Parameswaran Investigates Crowdsourcing in the Computer Science Industry
CS Assistant Professor Aditya Parameswaran has literally written the book on crowdsourcing. He is co-author of the recently published Crowdsourced Data Management: Industry and Academic Perspectives, which is published by Now Publishers and comprises volume 6 of the publisher’s Foundations and Trends in Databases series.
“There are a lot of problems that we face in data science that are notoriously hard. Anything to do with image understanding, video understanding, text understanding, text extraction—understanding and making sense of any of these data types is super challenging,” Parameswaran said.
To solve these problems requires training systems to recognize what is going on in the text, databases, image, or video.
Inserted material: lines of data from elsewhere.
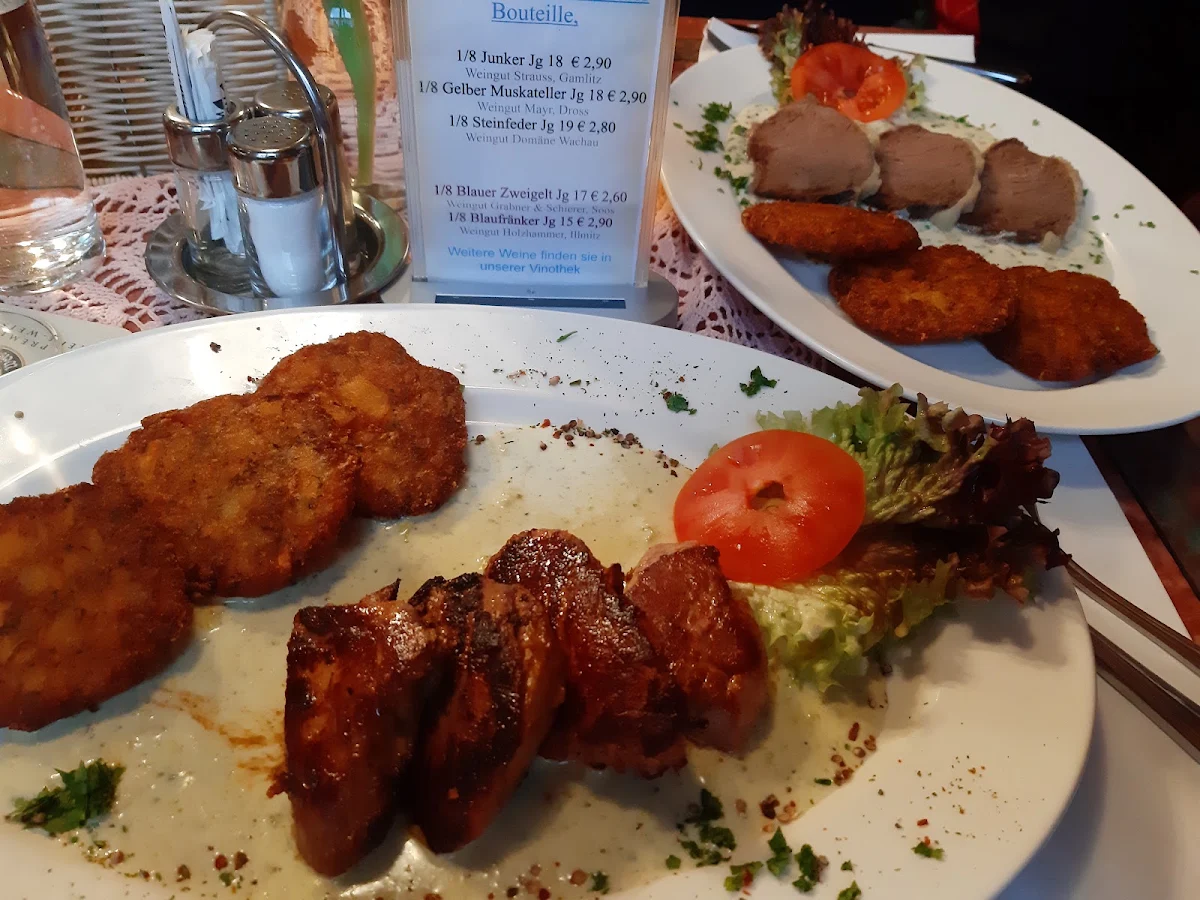 Schweinemedaillons Und Rindfleisch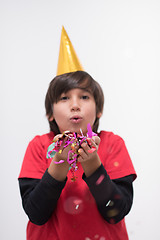 Image showing kid blowing confetti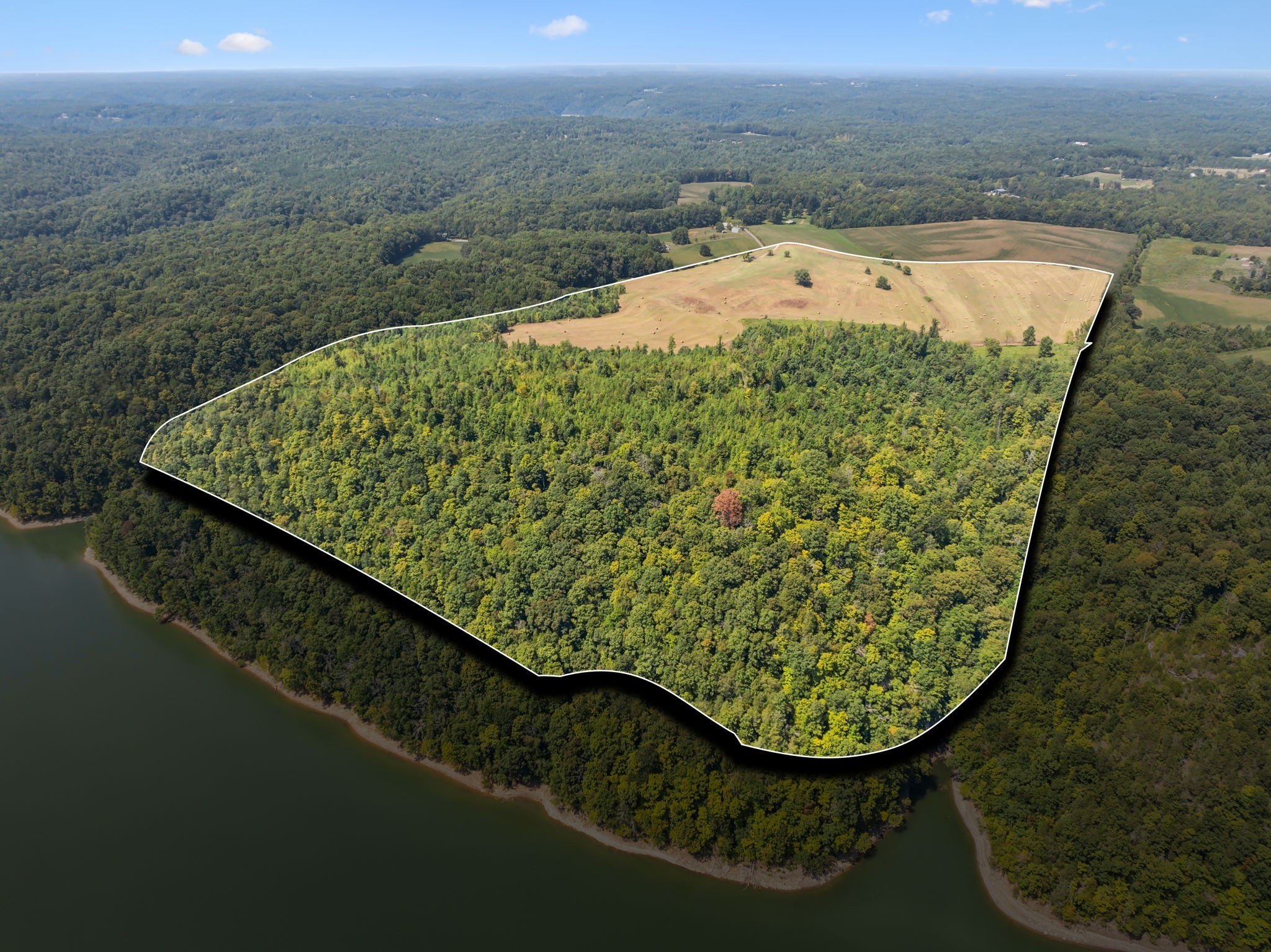 341 Anthony Adcock Road Sparta, TN 38583 - Photo 2 of 37 a view of a lake from a balcony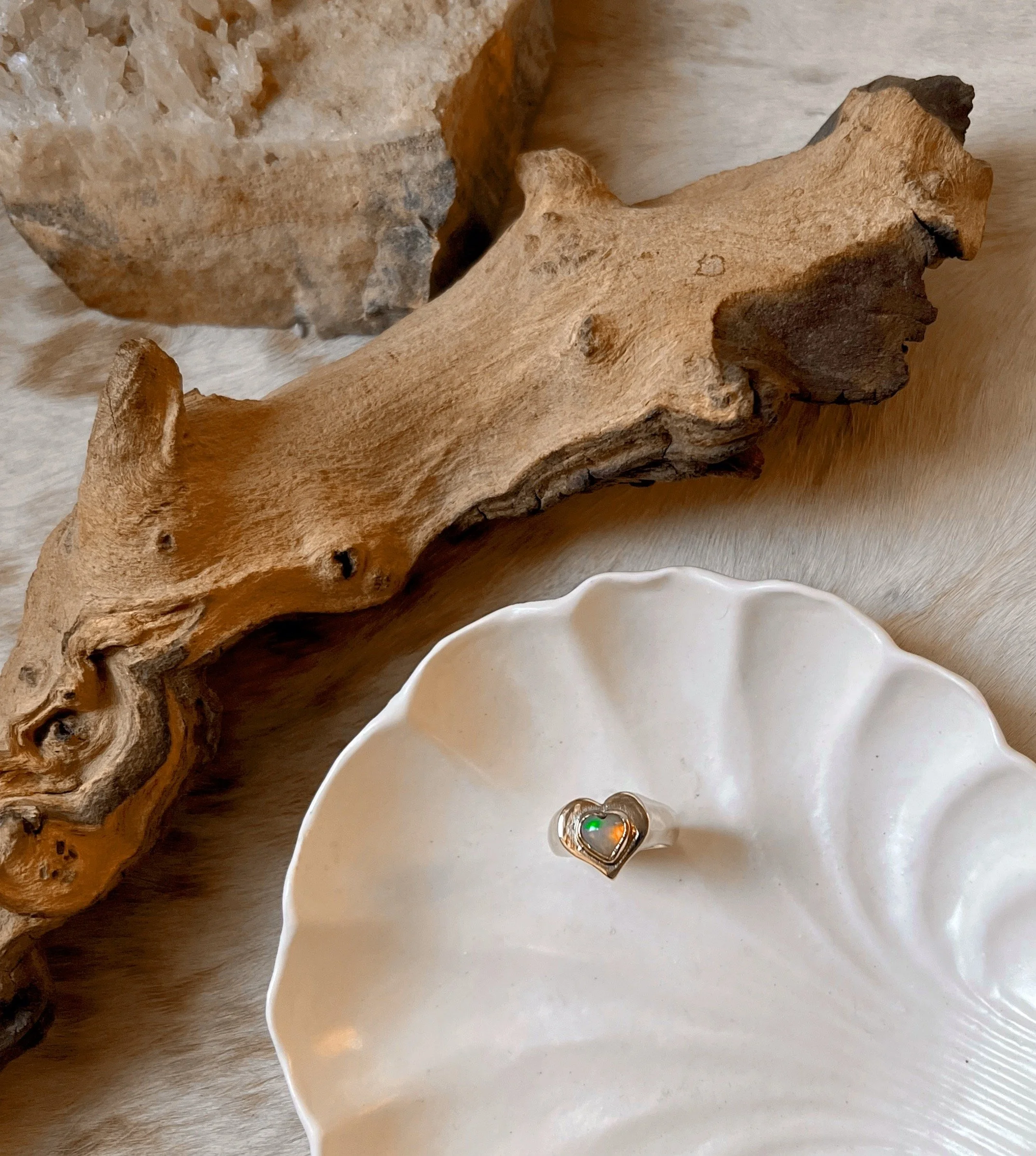 Chunky brass ring featuring a delicate heart-shaped Ethiopian opal.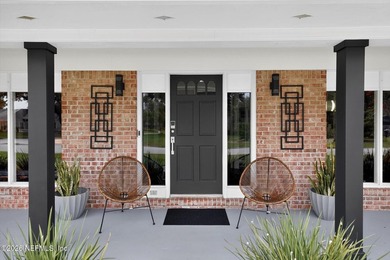 Welcome to 8620 San Servera Drive W, a beautifully updated - photo 5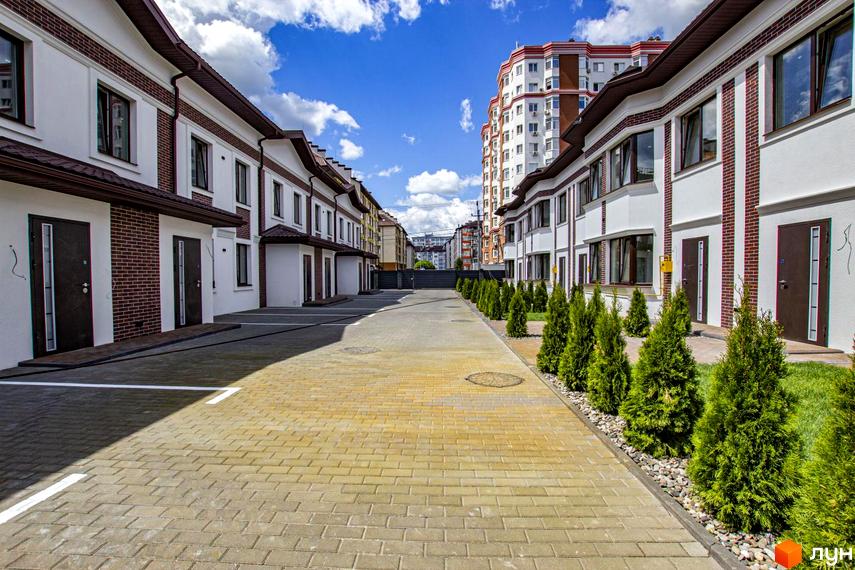 Таунхауси на Львівському: фасади будинків з цегляними елементами та білою штукатуркою, доглянута прибудинкова територія з туями та бруківкою.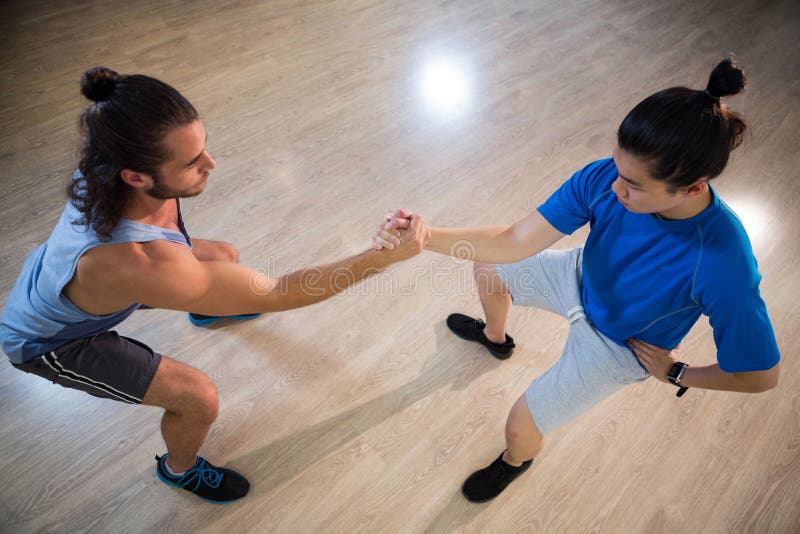 Men exercising in gym editorial stock image. Image of performing 78651794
And to do that requires a large trove of training data. And the best way to create training data remains having humans provide responses to small questions involving this data. Once the machine learning algorithm is provided this training data, it can go on to work on new data on its own.
The most efficient way to create the amount of training data needed by industry is through crowdsourcing—getting a large pool of people to provide the needed information or input. Unfortunately, crowdsourcing is little-studied by computer science researchers.
“Companies don’t talk about it,” Parameswaran explained, “either because they consider that their ‘secret sauce,’ or [because] just saying, ‘Hey, at the backend, we have a bunch of humans doing the annotation’ doesn’t make for a sexy technology story.”
And yet, crowdsourcing needs examination because machine learning (which relies on the crowdsourcing training data) has become a dominant part of how computing and technologies impact the lives of everyday people. “In some sense, the pressing problems of the day cannot be solved without crowdsourcing,” Parameswaran said.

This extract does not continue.